[Items from a dataset]
* * *
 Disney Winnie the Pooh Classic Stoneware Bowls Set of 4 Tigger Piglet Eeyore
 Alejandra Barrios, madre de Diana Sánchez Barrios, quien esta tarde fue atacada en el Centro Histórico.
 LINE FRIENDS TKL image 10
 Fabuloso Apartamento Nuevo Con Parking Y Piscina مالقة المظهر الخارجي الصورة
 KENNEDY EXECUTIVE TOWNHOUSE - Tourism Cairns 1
* * *
ASSIGNMENT:
From the line containing "LINE FRIENDS TKL image 10" down to the last line of the data, transcribe every line exactly; nothing else should appear.

ANSWER AREA:
 LINE FRIENDS TKL image 10
 Fabuloso Apartamento Nuevo Con Parking Y Piscina مالقة المظهر الخارجي الصورة
 KENNEDY EXECUTIVE TOWNHOUSE - Tourism Cairns 1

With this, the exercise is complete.